ASSIGNMENT » Find the line with "Warm autumn arrangement" in the entries below, then reproduce it and every line after it down to and including the line with "Crawford Pillowback Comfort", exactly.

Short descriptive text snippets
· · · ·

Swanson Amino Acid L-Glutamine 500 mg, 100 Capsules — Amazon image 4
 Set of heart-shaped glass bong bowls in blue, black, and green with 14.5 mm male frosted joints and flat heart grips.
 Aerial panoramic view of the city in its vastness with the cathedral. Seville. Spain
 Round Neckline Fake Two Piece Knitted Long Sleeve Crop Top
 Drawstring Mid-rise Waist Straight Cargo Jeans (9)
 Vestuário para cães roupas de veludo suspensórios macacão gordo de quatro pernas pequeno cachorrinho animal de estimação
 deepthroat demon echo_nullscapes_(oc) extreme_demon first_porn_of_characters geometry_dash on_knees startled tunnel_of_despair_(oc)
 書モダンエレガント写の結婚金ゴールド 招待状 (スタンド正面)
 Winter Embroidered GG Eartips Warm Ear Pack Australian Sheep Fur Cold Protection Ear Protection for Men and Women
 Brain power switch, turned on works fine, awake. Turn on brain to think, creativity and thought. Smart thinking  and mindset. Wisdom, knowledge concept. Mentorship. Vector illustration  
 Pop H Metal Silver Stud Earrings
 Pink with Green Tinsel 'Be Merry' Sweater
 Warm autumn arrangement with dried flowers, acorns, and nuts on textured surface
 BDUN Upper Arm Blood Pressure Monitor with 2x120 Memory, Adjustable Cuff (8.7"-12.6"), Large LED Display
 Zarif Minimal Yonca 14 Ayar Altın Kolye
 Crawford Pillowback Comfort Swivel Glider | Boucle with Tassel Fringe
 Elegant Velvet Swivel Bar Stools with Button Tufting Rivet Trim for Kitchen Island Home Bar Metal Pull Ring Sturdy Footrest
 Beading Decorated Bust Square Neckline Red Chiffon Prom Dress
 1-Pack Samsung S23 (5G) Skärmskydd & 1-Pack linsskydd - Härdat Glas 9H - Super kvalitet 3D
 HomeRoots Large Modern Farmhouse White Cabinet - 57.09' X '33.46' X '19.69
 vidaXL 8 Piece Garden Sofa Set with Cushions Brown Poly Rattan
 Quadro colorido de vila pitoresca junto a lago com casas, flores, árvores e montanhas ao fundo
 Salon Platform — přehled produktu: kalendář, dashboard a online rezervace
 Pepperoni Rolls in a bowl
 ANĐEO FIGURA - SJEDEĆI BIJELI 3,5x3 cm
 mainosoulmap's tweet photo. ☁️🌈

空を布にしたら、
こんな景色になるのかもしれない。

· · · ·

WRITTEN REPLY »
 Warm autumn arrangement with dried flowers, acorns, and nuts on textured surface
 BDUN Upper Arm Blood Pressure Monitor with 2x120 Memory, Adjustable Cuff (8.7"-12.6"), Large LED Display
 Zarif Minimal Yonca 14 Ayar Altın Kolye
 Crawford Pillowback Comfort Swivel Glider | Boucle with Tassel Fringe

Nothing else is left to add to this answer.